Seaweed clung to his boots and pant legs. He circled the base of the tower. Part way around he came across a door. And an inscription. He caught his breath. It was raised lettering on a metallic plaque. He pressed his fingertips gently on the characters. Wondered who had been here. What it said. Here we came in search of a new world. And found only a swamp.
He smiled. Maybe, Martin & Cable, Attorneys at Law.
How long ago had it been?
Would they have welcomed him?
He pulled his hand back and looked at it as if it were the first time he’d ever seen it.
Peter Goss awoke with a start. He was lying on his hibernation bed with his right arm held straight out, up, and in front of him. He was still staring at his hand. For a few moments he drifted back into the swamp and stood before the mysterious tower, and then he was back here, wherever “here” was, again.
He was cold. And he lay naked, partially submerged in what looked and felt like a bathtub filled with raspberry Jell-O. He tilted his head slowly from side to side, as if doing so would dislodge a memory and allow him to remember where he was. These new surroundings looked more and more familiar but he wasn’t yet quite sure why.

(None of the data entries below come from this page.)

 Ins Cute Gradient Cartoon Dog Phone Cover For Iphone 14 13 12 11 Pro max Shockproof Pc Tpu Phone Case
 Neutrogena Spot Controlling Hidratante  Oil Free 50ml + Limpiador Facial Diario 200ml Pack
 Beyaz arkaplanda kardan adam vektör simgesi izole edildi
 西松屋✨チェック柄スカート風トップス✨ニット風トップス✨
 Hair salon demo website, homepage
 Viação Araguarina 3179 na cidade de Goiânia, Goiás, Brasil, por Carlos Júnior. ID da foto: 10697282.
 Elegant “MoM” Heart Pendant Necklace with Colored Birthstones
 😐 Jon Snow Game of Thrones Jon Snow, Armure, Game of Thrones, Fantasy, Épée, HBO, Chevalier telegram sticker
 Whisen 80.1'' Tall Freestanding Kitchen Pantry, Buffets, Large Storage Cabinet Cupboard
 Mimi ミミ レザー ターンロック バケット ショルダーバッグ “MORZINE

He coughed, and raised his head and looked around. This was not the tower. And certainly not the swamp. First of all, the tub in which he found himself was but one of many lined up along the floor. In fact, he saw at least fifteen tubs around him.

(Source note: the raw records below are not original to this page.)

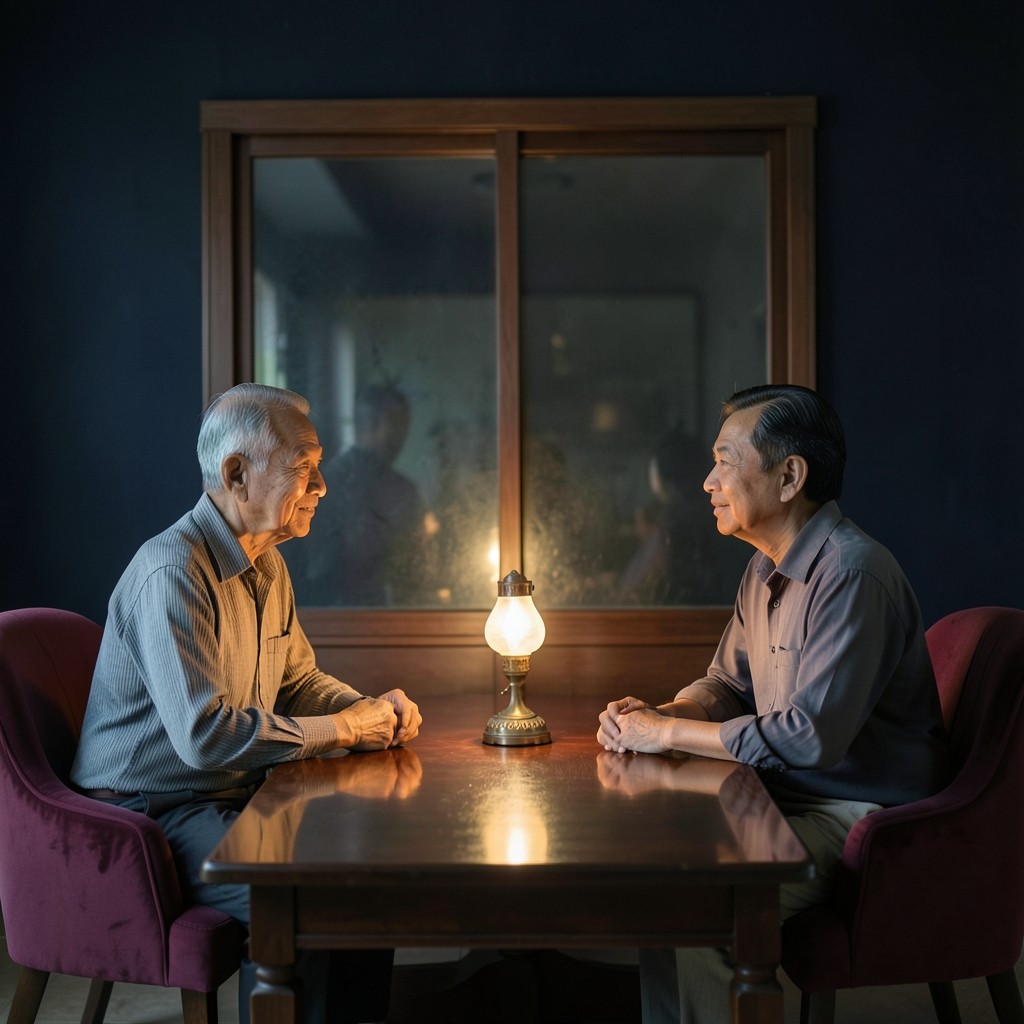 Two adults seated across a dark wood table in conversation, with a copper lamp between them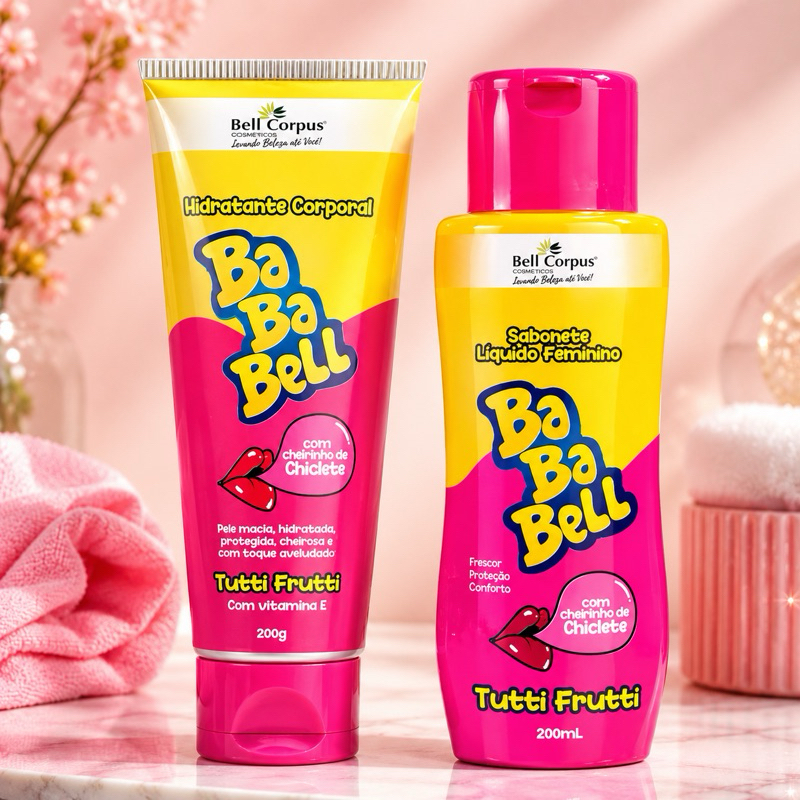 Kit Bababell Bell Corpus Tutti Frutti Hidratante Corporal 200g + Sabonete Líquido Feminino 200ml | Cheirinho de Chiclete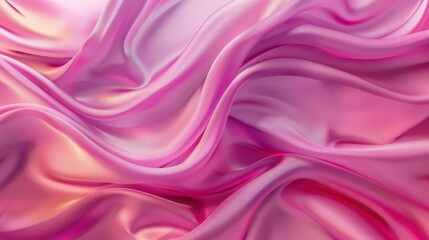 Obraz premium smooth flowing pink fabric with soft folds and creases abstract textile background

And each was occupied. By someone.
By another human being.
A memory was slowly returning.
Hibernation. Sleeping during the journey and being awakened when their new home world was reached. Now he remembered.

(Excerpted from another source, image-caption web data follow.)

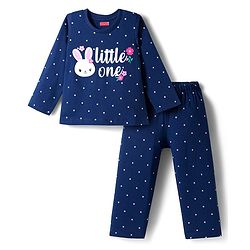 Babyhug Cotton Knit Full Sleeves Night Suit With Animal Print - Navy Blue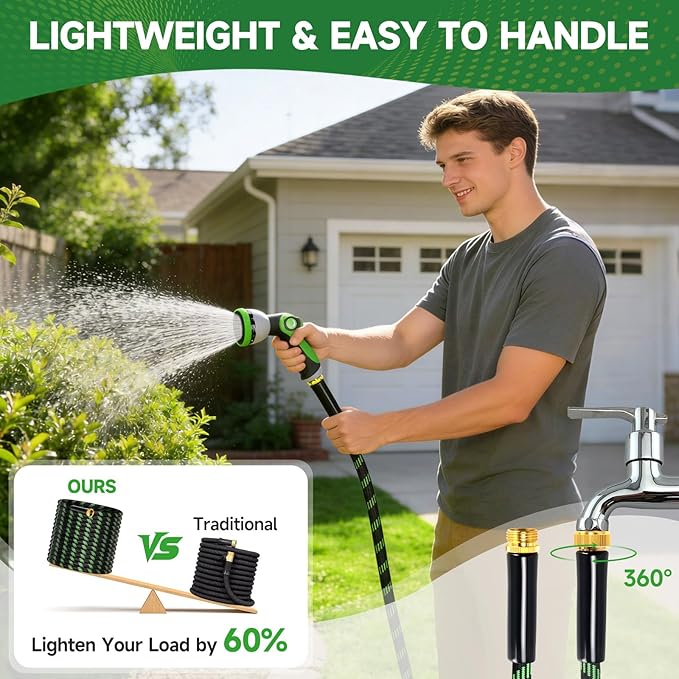 Garden Hose 50ft Flexible Non-Expandable Water Hose Ultra Lightweight Kink-Free Leak-Proof Durable & Abrasion-Resistant with 3/4" Brass Fittings for Patio Yard RV and Outdoor Use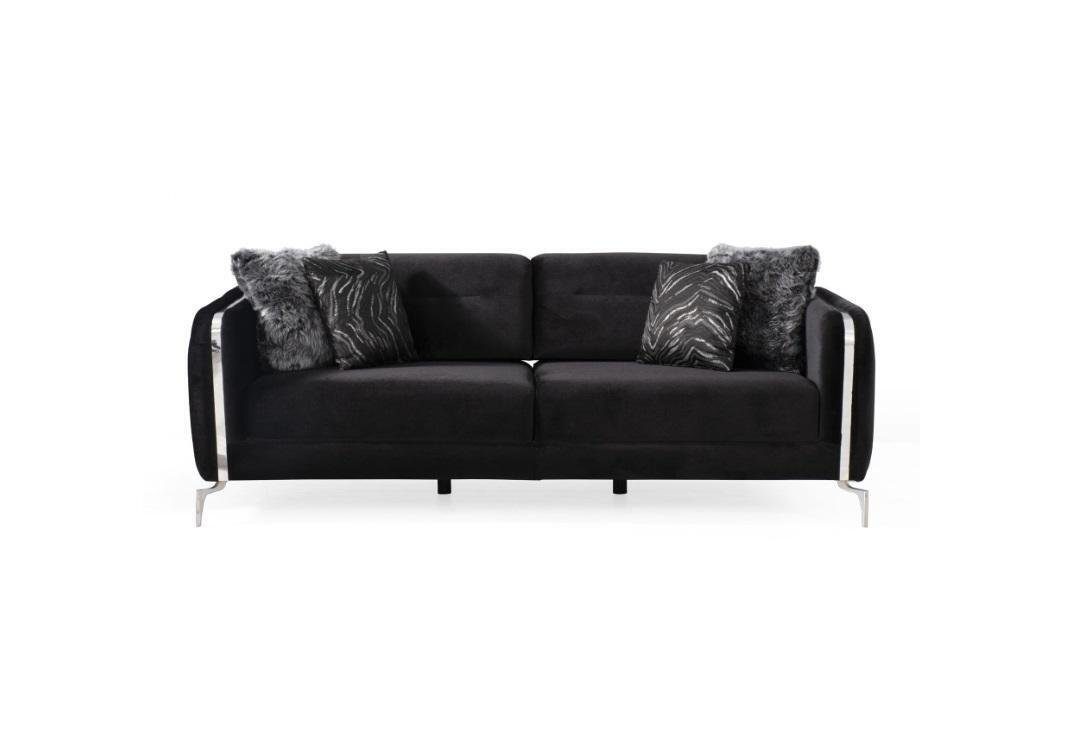 JVmoebel 3-Sitzer Designer Sofa 3 Sitzer Big Couch Polster Sofas Design Schwarz Samt, 1 Teile, Made in Europa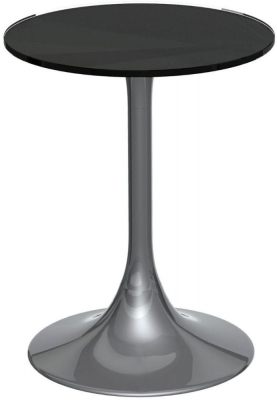 Product photograph of Gillmore Space Swan Black Glass Top Round Side Table With Chrome Base from Choice Furniture Superstore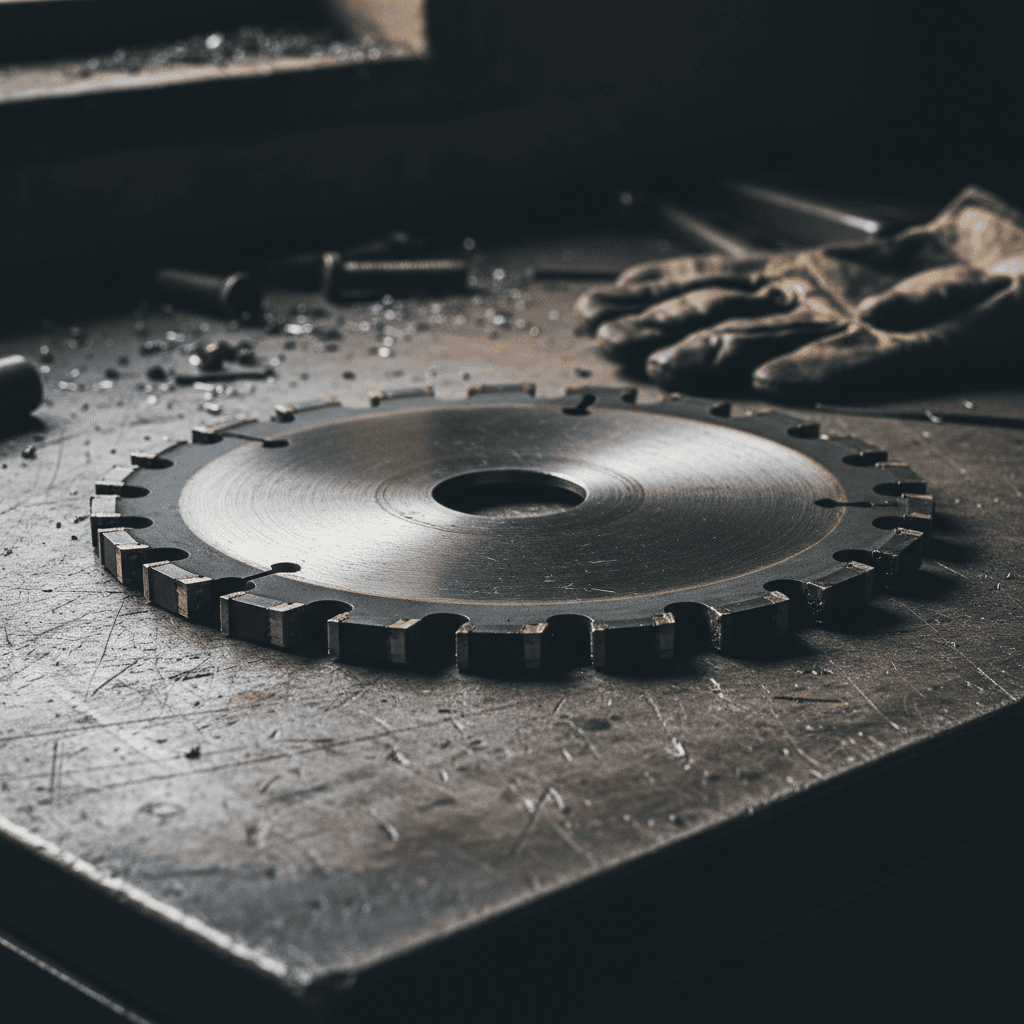Close-up of a carbide saw blade on a steel workbench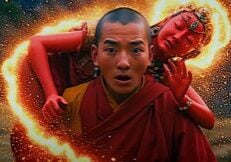 The monk Kushali is shocked when an old leper woman he was carrying to safety transforms into the Dakini Queen Vajrayogini Vajravarhi. From the 3Gems Band Video inset below.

Peter Goss was on board the interstellar colony ship New Madrid bound for the Epsilon Eridani star system ten light years from Earth. As in his dream, he was a member of the initial survey team that was to awaken and scout the environment of their new home while the rest of the crew, and the fifteen thousand colonists, were being awakened.
Goss slowly lifted himself to rest on his right elbow. The other people were gone. Part of the dream. Still, he shouldn’t be alone. He wasn’t supposed to be the first to wake up. The ship’s commander, first officer and two medical officers should already be up and about, supervising the awakening of the survey crews to begin their mission. Waking the colonists would come later.